It's a guy thing; European men's magazines being eclipsed by web
"They are a casualty of the Internet. That is for sure," Dominique D'Hinnin, Chief Financial Officer of French media group Lagardere told investors. " "It is men's magazines that I am talking about, magazines with women with not too many clothes."
Major magazine publishers such as London-based media group Emap, Germany's Axel Springer and France's Lagardere have seen magazine assets for women surging while men's magazines droop.
Steffan Naumann, chief operating officer and chief financial officer at Axel Springer said segments such as those catering for women are growing, "but in Germany, certainly not the men's market category".
On Tuesday, London-based Emap said first-half underlying revenue in its consumer magazines division fell 6 percent.

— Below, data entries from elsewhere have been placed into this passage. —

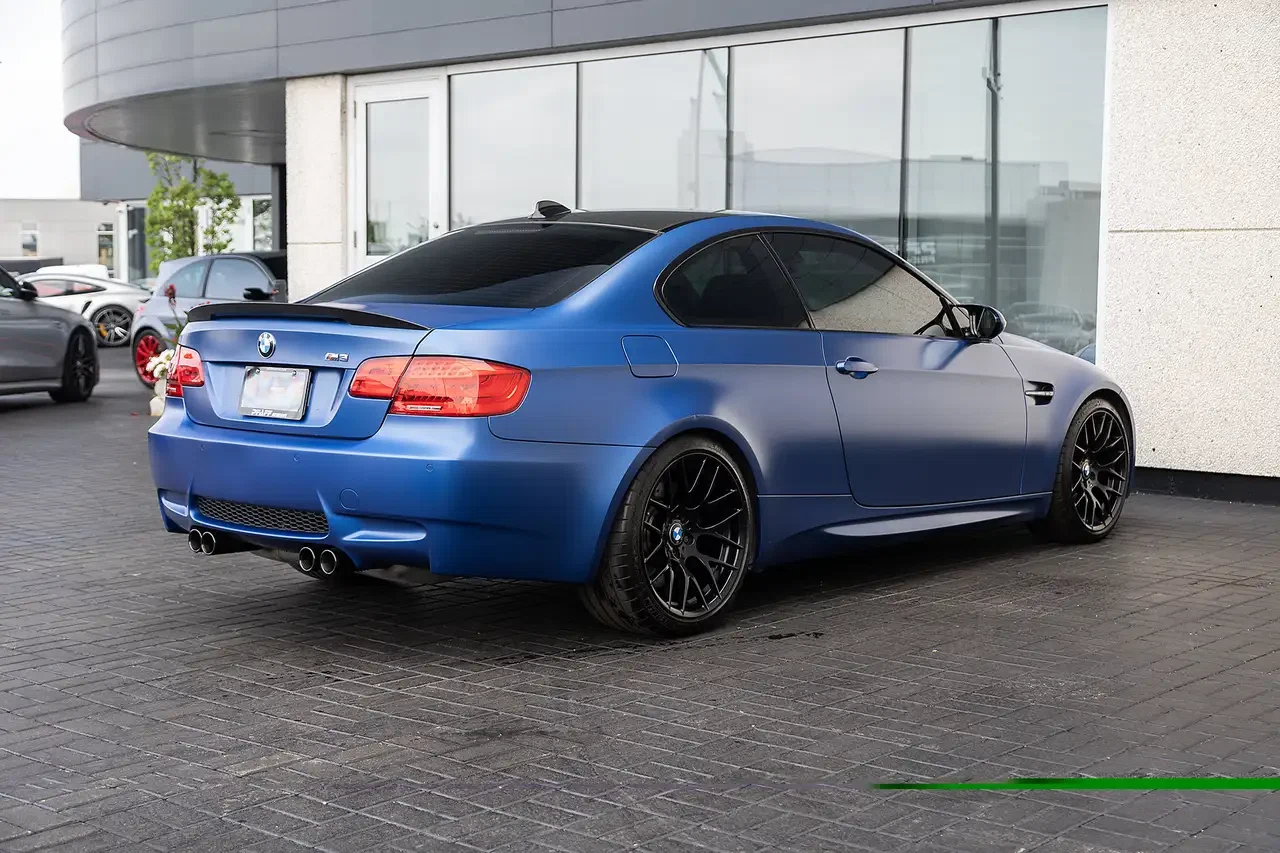 2013 BMW M3 Frozen Blue Edition (E92), 9/30
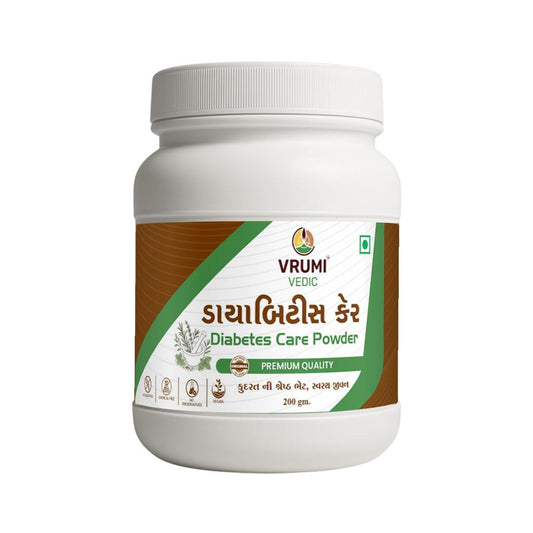 Vrumi Vedic Diabetes Care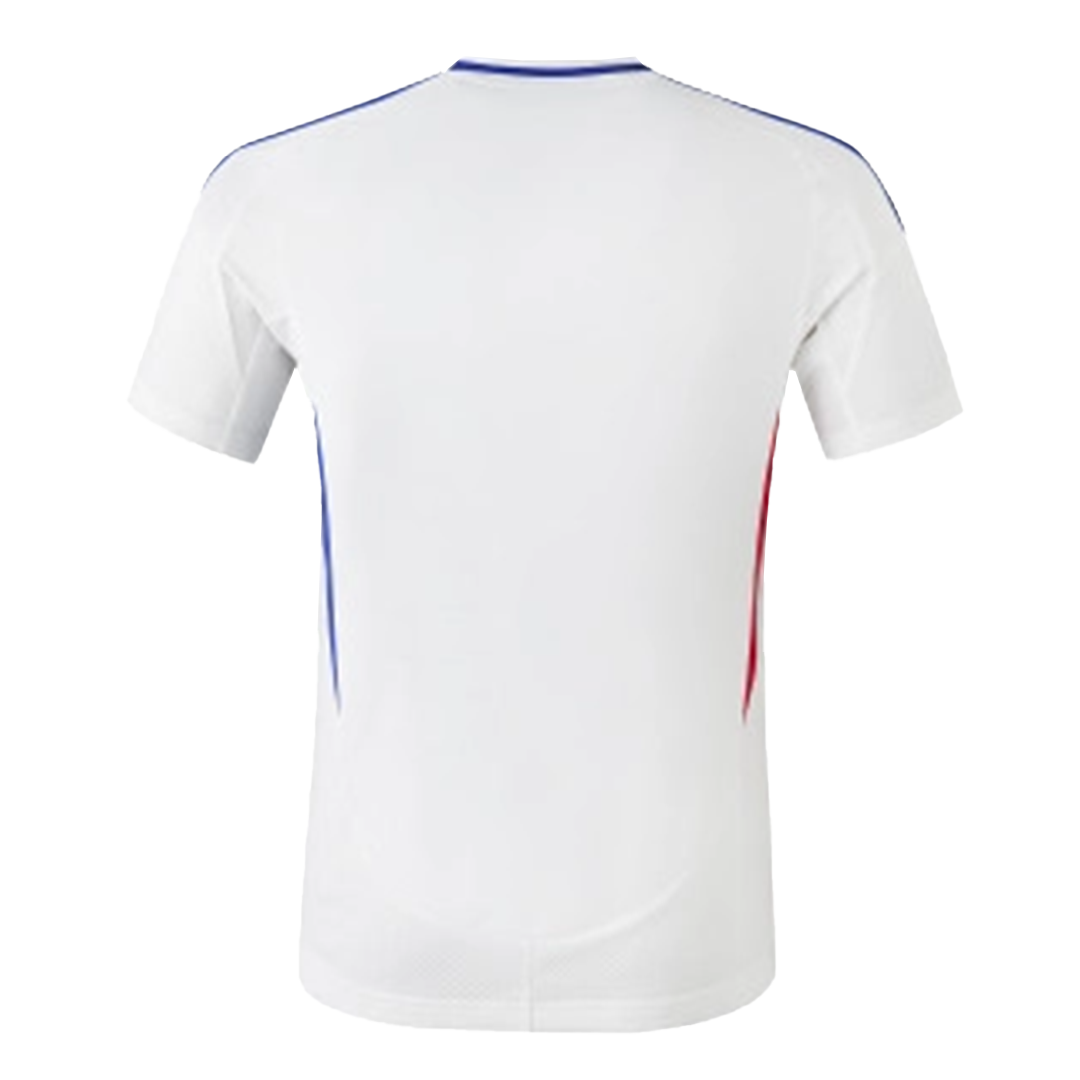 Olympique Lyonnais Home Soccer Jersey - Soccerdeal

However, this masked a strong performance by its women's weekly titles such as Grazia, Heat and Closer which grew 6 percent. Emap blamed a 14 percent slump in its portfolio of monthly magazines on weakness in men's titles.
Although men's magazines can and do still make money, publishers also have to decide if they should sell assets or reposition themselves in digital media by building Web sites that primarily focus on content such as fishing, golf and cars, the conference call was told.
D'Hinnin said such options as YouTube and web video services such as Dailymotion from France provide scantily clad women and joke-based content for teenagers and college boys for free."On the Internet it is easier to get, more fun and (young men) spend so much time with YouTube or Dailymotion they don't buy magazines any more," D'Hinnin said.